Will that come with the healthy interest rate one could never hope to repay?
codersfocus
Interest is not always fulfilled by usury.
For example, friends lend each other money without usury simply because the "interest" comes from helping a friend.
Similarly, the central bank which is an agent of the government fulfills its interest by having healthy citizens. So there probably wouldn't be usury.
Instead, earnings from the citizen would be garnished if they had debt.
neilwilson
Every 'successful trial' is trumped by the far greater data set that comes from the widest 'UBI' trial of them all - state pension payments.
That is a permanent payment to live on to a section of the population, except that section is divided by age not location. And the results from millions and millions of data points across the globe are crystal clear - the people stop working and the dependency ratio goes up.

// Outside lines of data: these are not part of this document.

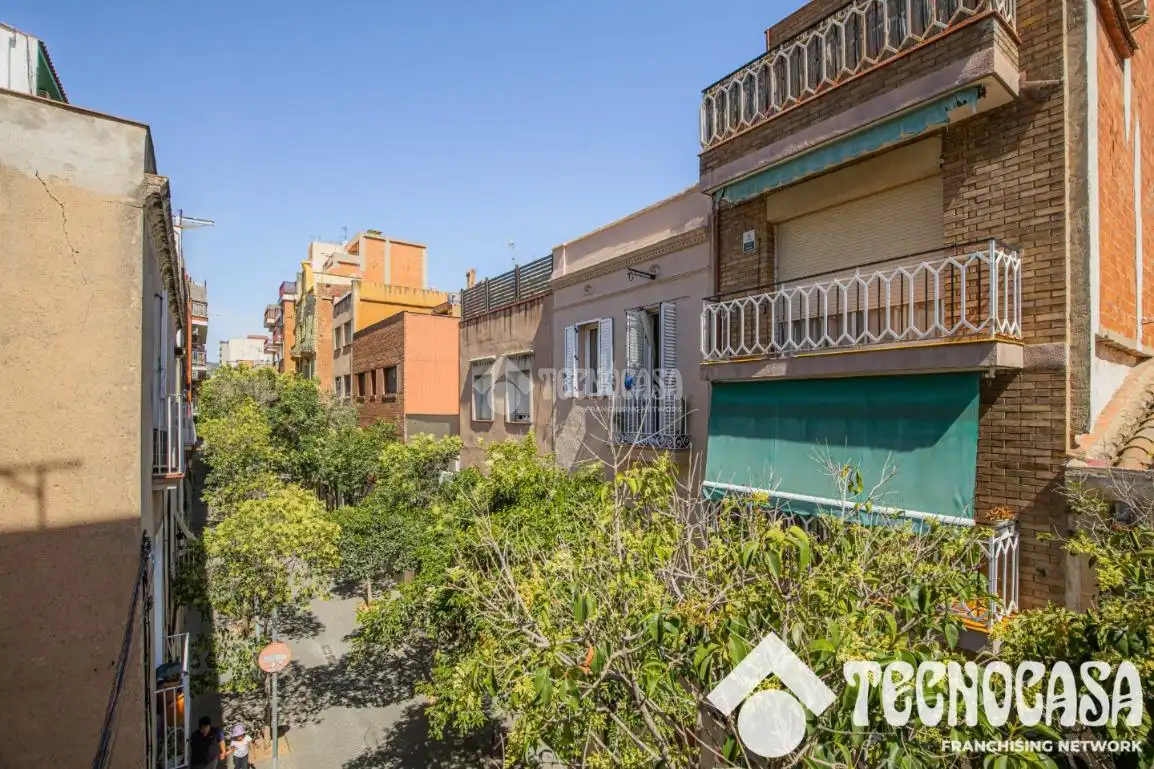 Außenansicht von Wohnung zum Verkauf in Barcelona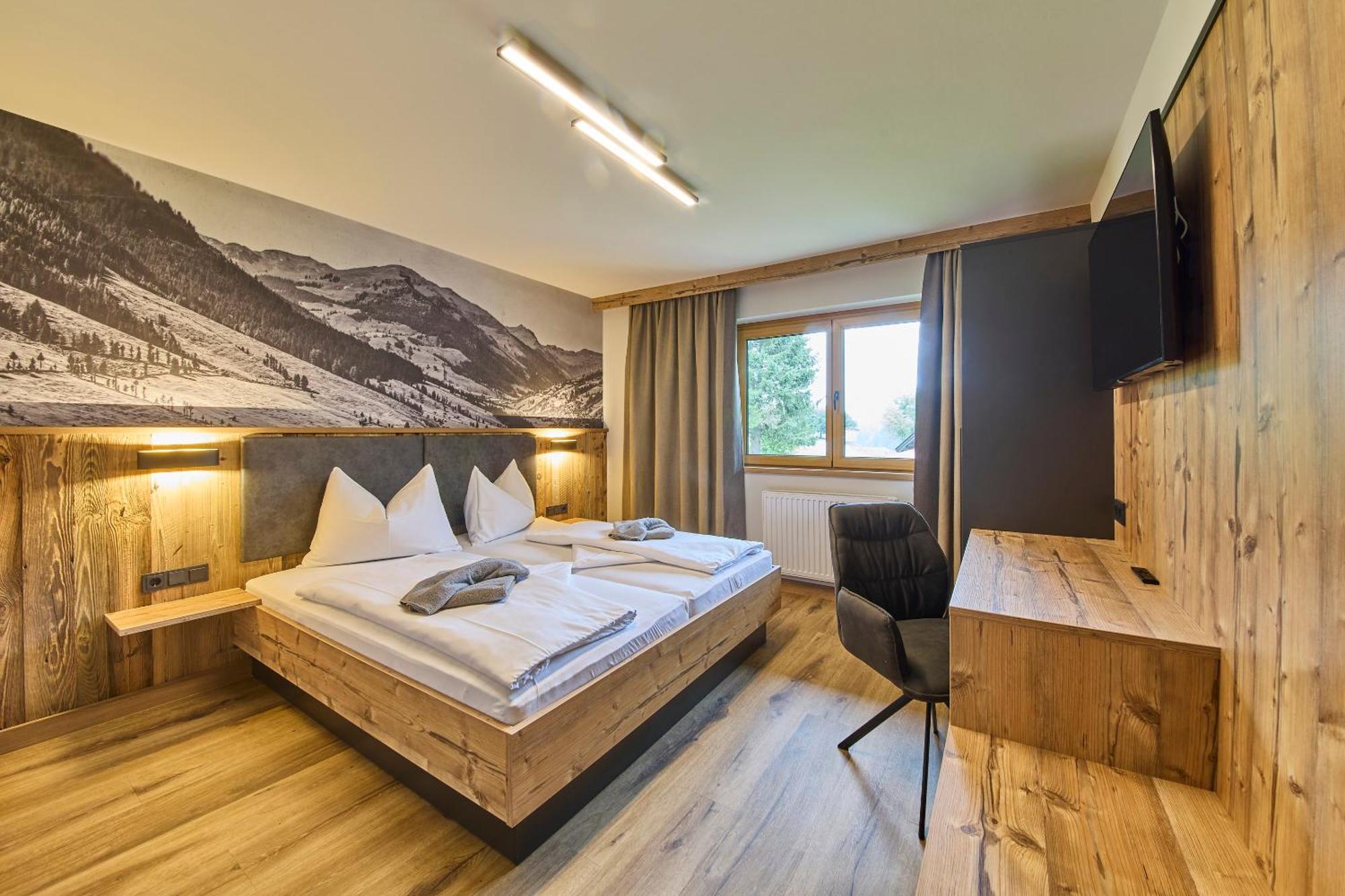 Eibinghof Bed & Breakfast & Swim Saalbach-Hinterglemm Exterior photo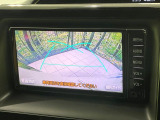 【バックカメラ】駐車時に後方がリアルタイム映像で確認できます。大型商業施設や立体駐車場での駐車時や、夜間のバック時に大活躍!運転スキルに関わらず、今や必須となった装備のひとつです!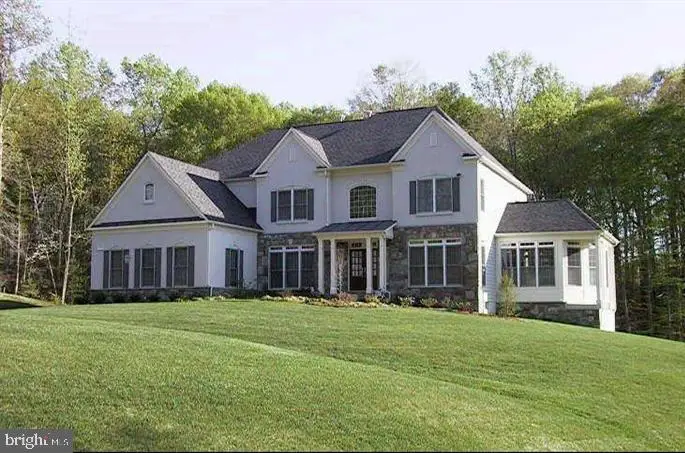 8220 Roseland Dr, Fairfax Station, VA 22039 - #1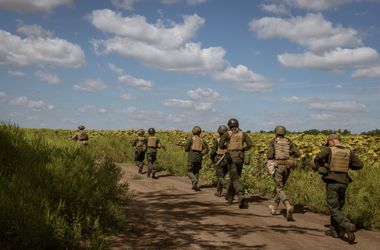 Orosz katonák a dandárparancsnok utasítására öltek meg ukrán hadifoglyokat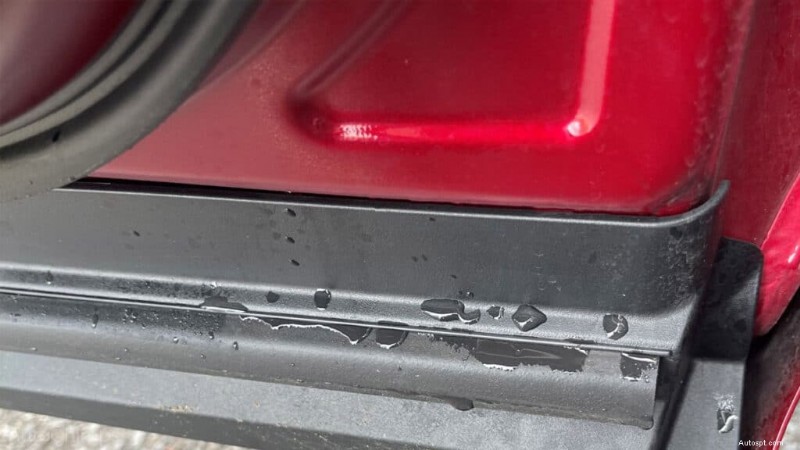Perché la tua auto perde acqua:cause comuni e soluzioni semplici 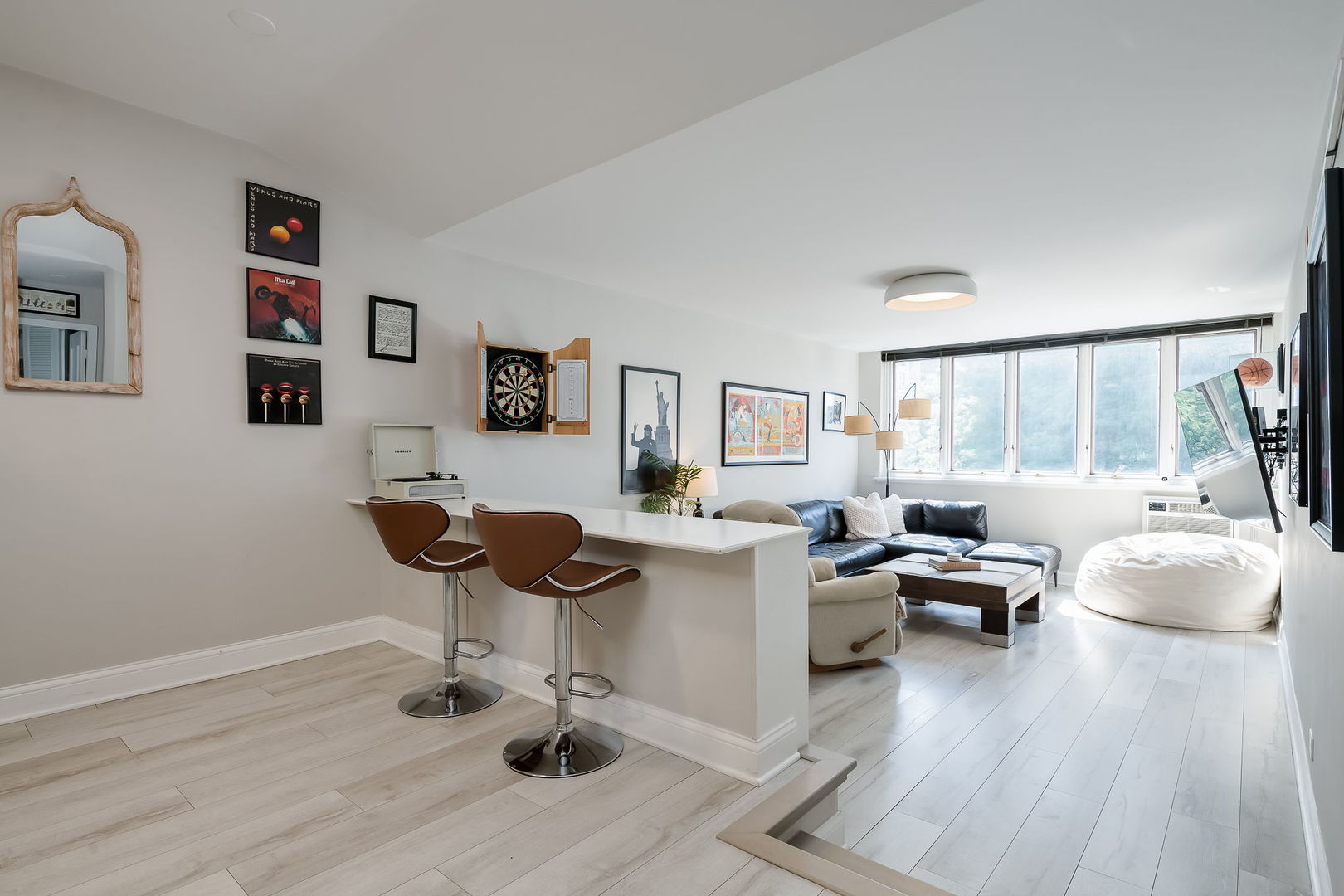 1419 N State Parkway Unit: 501
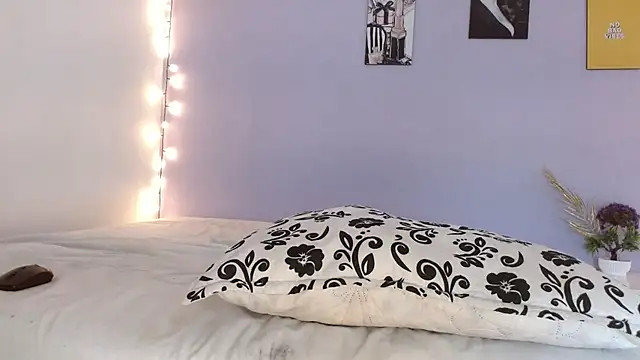 Snapshot of Kimandyuk chatting on January 2025 01:51:02 AM Kimandyuk online show from January 2025 01:51:02 AM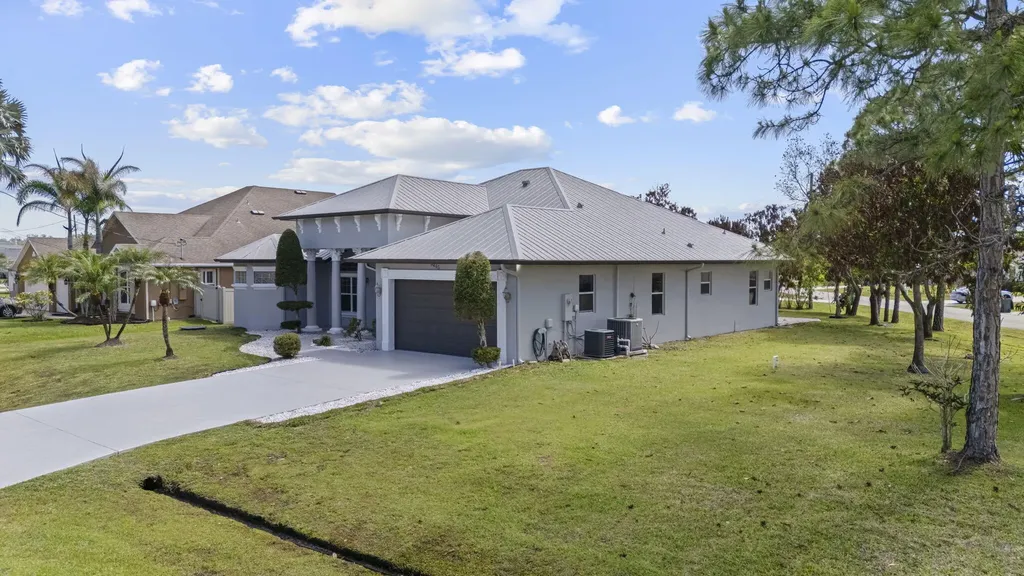 5445 NW Briscoe Drive Port St Lucie FL 34986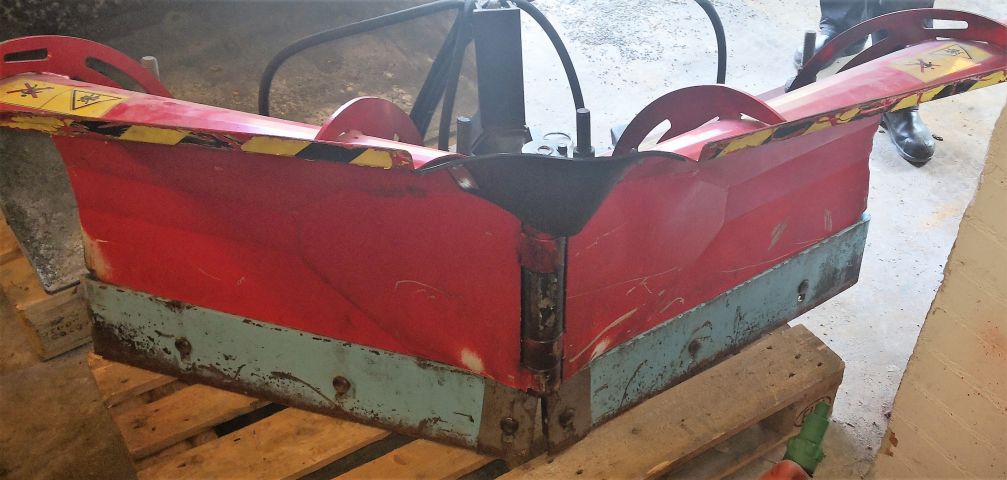 574802-37 Compact tractor Kubota STV 40 -10 (incl folding plow, sand spreader & tilt trailer)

To the extent that Denmark has just increased the age to 70, ie reduced the size of the section of the population entitled to the payment. They wouldn't have needed to do that if 'people continued to work'.
Of course a payment to a small section of a fixed currency area will work. It's paid for by all the other people from that fixed currency area not getting the payment. As will a small payment that is not enough to live on - which ends up as a subsidy to private sector employers and results in wage compression towards the minimum wage.
The fun starts when you try to give a living payment to all the people within a fixed currency area. And that has yet to be trialed anywhere.
Premature extrapolation is a cruel affliction.
Apreche
We have evil political leadership. It works in its own personal interest and does not care about what is best for the citizens and for humanity. What does it matter if you conduct a study and discover the truth of what is the best policy? All that does is tell the evil leaders to avoid that policy.
Even if we agree on facts, we don’t agree on basic morality. No amount of well conducted studies can overcome that gap.
blueflow
> What did change for many, however, was what they did for work. Within the first 18 months, job-switching rates spiked in the basic income group compared to the control one.
Some jobs are just shit, and people will quit them as soon as they can. UBI would put some companies out of existence.
I'm sorry if this has been answered many times in the past. I didn't find the answer anywhere else.
If everyone gets 1000$ extra, why wouldn't rent increase by close to 1000$. If you're not willing to pay it, someone will. I don't understand how giving all of us X amount of dollars would help. The number of goods are the same, they would become more expensive through inflation.